WarningMessage is undocumented

csm10495 · March 22, 2024, 5:07pm

I respectfully disagree to both points. WarningMessage objects have a .source as well that isn’t included in showwarning()'s args. So the current documentation is missing that point (and is therefore wrong and misleading in my opinion).

We should be explicit where possible in documentation so that it’s simple for folks to read and understand. Adding links to get to the object itself (or a protocol of it) makes it easier. This particular example, as it is before this PR, is not simple/easy for at least me to understand as it originally was.

This change request, is attempting to document in a way to make the information more accessible for others.

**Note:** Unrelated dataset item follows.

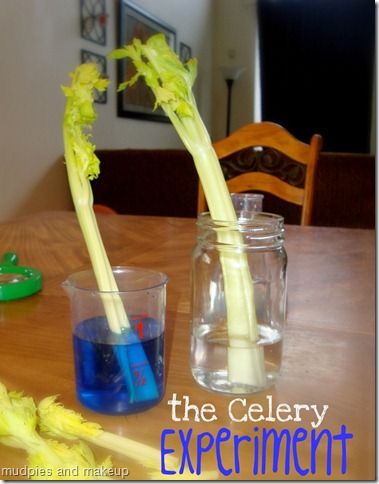 celeryexperiment celeryexperiment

steve.dower · March 22, 2024, 5:11pm

If the docs said “Each object in the list has exactly the attributes with the same names as the arguments to showwarning(), no more, no less.” then I’d agree, but that’s not what it says.^[1]

The implication is that you can’t rely on .source being available. It is effectively internal implementation, and so information about it should not be more accessible. If anything, we might need to make efforts to hide it better, if users are inclined to assume that it’s a guaranteed attribute simply because it’s there.

If there’s a reason it should be guaranteed API, then that’s your request, and what the discussion should be about.

And obviously we never write that sort of spec, because it’s very unidiomatic for Python. ↩︎

csm10495 · March 22, 2024, 5:23pm

It seems odd to me. So if it shouldn’t be documented, should it not be mentioned here in the docs for the C-API for exception handling?

From Exception Handling — Python 3.12.2 documentation

int PyErr_ResourceWarning(PyObject *source, Py_ssize_t stack_level, const char *format, ...)
Part of the Stable ABI since version 3.6.
Function similar to PyErr_WarnFormat(), but category is ResourceWarning and it passes source to warnings.WarningMessage.

To me its either document it in all documentation or don’t. I don’t think it makes sense to be considered a concrete thing in that doc, but not in warnings’ documentation. If it’s added we should link it there too. If not… shouldn’t it be removed from there?

Edit: I know it shouldn’t matter in this context, but the class is also called out and used by at least one big 3rd party package: pytest: How to capture warnings — pytest documentation

steve.dower · March 22, 2024, 5:34pm

Yeah, probably not. That documentation doesn’t make much sense - it doesn’t describe what the function does or when you should use it. It deserves updating.

And the fact that it takes source as a parameter does mean it ought to describe what it’s for. That doesn’t necessarily mean it has to be an explicit member of every warning, but it certainly ought to be explained better than the documentation you quoted shows.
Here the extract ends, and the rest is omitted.